June 28, 2012 | by Steve Charing
New leadership for community center
Bud Beehler, gay news, Washington Blade

Trevor Ankeny, who served as board president for three years, was replaced by Bud Beehler, a retired school principal who had served as the board’s secretary for the past 11 months. (Washington Blade photo by Steve Charing)

On June 19, just two days after Baltimore’s Pride celebration, the board of directors of the 35-year-old Gay and Lesbian Community Center of Baltimore (GLCCB)—the producer of Pride—announced changes in leadership effective immediately. Trevor Ankeny, who served as board president for three years, was replaced by Bud Beehler, a retired school principal who had served as the board’s secretary for the past 11 months.

“The GLCCB is a truly historic center,” Beehler told the Blade. “As one of the oldest five in the nation, we are proud of our history. Like many LGBT centers, we have had a bumpy path that has been magnified for us in the past few years. The board spotted some problems in how the Center was being managed and because the current board is committed to due diligence, we made some important changes.”

Jay Day was appointed board secretary. Matt Newcomer and Mike McCarthy will continue as treasurer and vice president, respectively. Chuck Bowers, Rachael Stern and Sharon Brackett were appointed as members of the board, and Mike Robertson, Charlie Mumford and John Flannery will continue in the positions of members-at-large.

The board held a town hall meeting in Baltimore on June 25.  It was the first such meeting since 2000. More than 25 members of the community attended, and after Beehler introduced the new board and current GLCCB staff, he explained that this is a “reset” for the GLCCB, and said the board is committed to “striving for transparency and engagement.” He indicated that this is the first of a series of town hall meetings with the next one to take place in 90 days.

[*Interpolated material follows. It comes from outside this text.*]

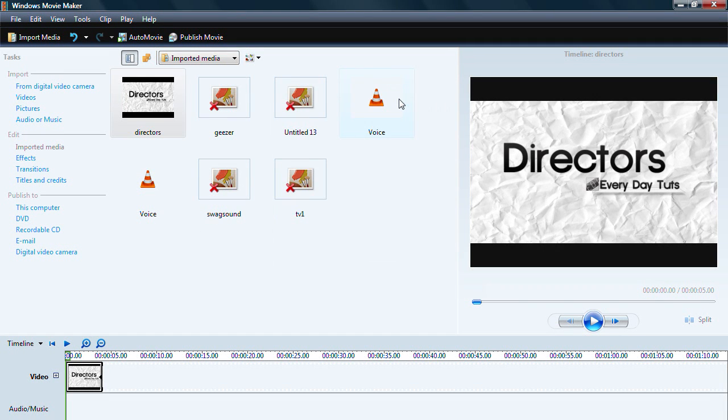Hey guys it's Lee from ADT. Today I'm going to show you how to render your videos in Windows Movie Maker to HD widescreen.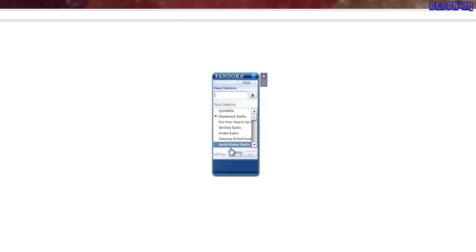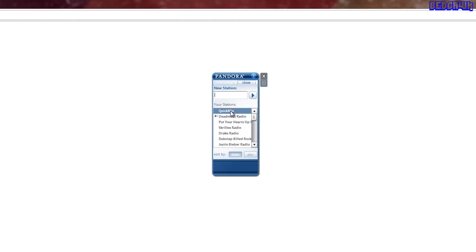If you want, if you have more stations, you can hit Quick Mix. And it'll run through all them stations, randomized. And it's just a really cool feature to have.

One of the top priorities for the GLCCB is to increase diversity on the board. This issue was raised by several in attendance as a key to establishing credibility among people of color as well as transgender individuals. Beehler said that the Center is actively seeking to diversify the board. Finances are another major concern for the Center and its leadership. Net revenues from Pride cover operating expenses for about six months in a fiscal year. Many expenses and initiatives, such as renovations to meet ADA requirements and other improvements must be met by other revenue sources.